Kafejka
Image default
Business

Start investing: you can do this with 100 euros per month

By putting money aside every month, you gradually build up capital. Investing in the stock market is one possible route to this end. But what is the best way to invest with a monthly deposit of 100 euros? Spaargids.be advises.

Monthly investing has several advantages. You do not need to have a large starting capital right away and you spread the risks. After all, with a one-off entry for a larger amount, you run the risk that the stock market will fall sharply shortly after your purchase, with all the consequences that entails. Spread investing, on the other hand, allows you to better absorb such shocks. In case of a downturn in the stock market, you also buy cheaper.

To invest monthly, you can buy individual shares through a bank or broker. Several banks also have their own online investment platform. This is the case, for example, with Bolero from KBC and the investment app Re=Bel from Belfius. To trade shares you need a brokerage account, where you can monitor and manage your investments. Compare the services and cost of different brokerage accounts here. 

Individual shares

Individual shares generally have a lower cost than actively managed investment funds at the bank. However, they do not always lend themselves to small monthly investment amounts. At Bolero, for example, you pay 7.50 euros brokerage fees for every purchase up to an amount of 2,500 euros. If you buy shares on the Brussels stock exchange for 100 euros, you immediately lose 7.5 percent in return. Due to their high price, some shares are also not within reach of every investor. The instacart ticker is found online. For example, a budget of 100 euros is not sufficient for the purchase of a share of Sofina, which costs more than 300 euros. The options to buy part of a share are currently limited to a few online brokers, such as Bux and Lynx.

Investment funds

Another option is to invest through a fund. In that case, you invest in a basket of shares, bonds or other investment instruments. An advantage of such a formula is that you immediately invest in various investments. Where with individual shares the price drop of one company completely affects your invested capital, with an investment fund the other components can level off or even completely compensate for the effect of that falling price. Most banks offer a choice between more defensive funds and dynamic funds with a higher risk profile.

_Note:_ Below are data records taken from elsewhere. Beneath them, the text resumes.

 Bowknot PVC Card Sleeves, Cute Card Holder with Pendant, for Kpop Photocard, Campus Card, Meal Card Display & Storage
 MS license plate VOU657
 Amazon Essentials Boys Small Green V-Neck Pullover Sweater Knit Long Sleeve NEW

You can opt to purchase 100 euros in investment funds each month or you can opt for an investment plan. Via an investment plan, you automatically invest a fixed amount in a basket of different investment funds at regular intervals. See here how much the investment plans of banks yield.

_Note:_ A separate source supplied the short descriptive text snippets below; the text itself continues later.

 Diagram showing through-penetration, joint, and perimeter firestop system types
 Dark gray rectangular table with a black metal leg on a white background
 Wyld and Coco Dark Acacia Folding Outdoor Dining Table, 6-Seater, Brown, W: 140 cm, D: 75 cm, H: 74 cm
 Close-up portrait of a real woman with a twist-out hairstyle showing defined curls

With an investment fund, the entry costs are usually expressed as a percentage of the capital you invest. That fee is usually 2 to 3 percent, regardless of whether you invest 100 or 2,000 euros. An investment fund therefore seems cheaper than individual shares for small investment amounts. Nevertheless, it is best to keep in mind that with investment funds you also pay ongoing costs, which eat 1 to 2 percent of your return annually. Those who invest in the longer term may therefore see their costs rise higher. View here which investment funds banks offer.

ETFs

You can also invest monthly via an ETF (exchange-traded fund), also known as an index tracker. You then invest in a passively managed investment fund that follows an index as closely as possible. The brokerage fee for trackers follows the same pattern as for individual stocks. At Bolero, you immediately pay 7.50 euros for orders up to 2,500 euros. Ongoing charges are typically 0.25 to 0.50 percent. It is therefore again a question of looking at the long-term picture. Read more about the pros and cons of ETFs here.

Finally, risks are associated with every form of investment. No matter how beautiful the prospectus may look, capital loss can never be ruled out. So always choose an investment product that matches the risks you wish to take yourself.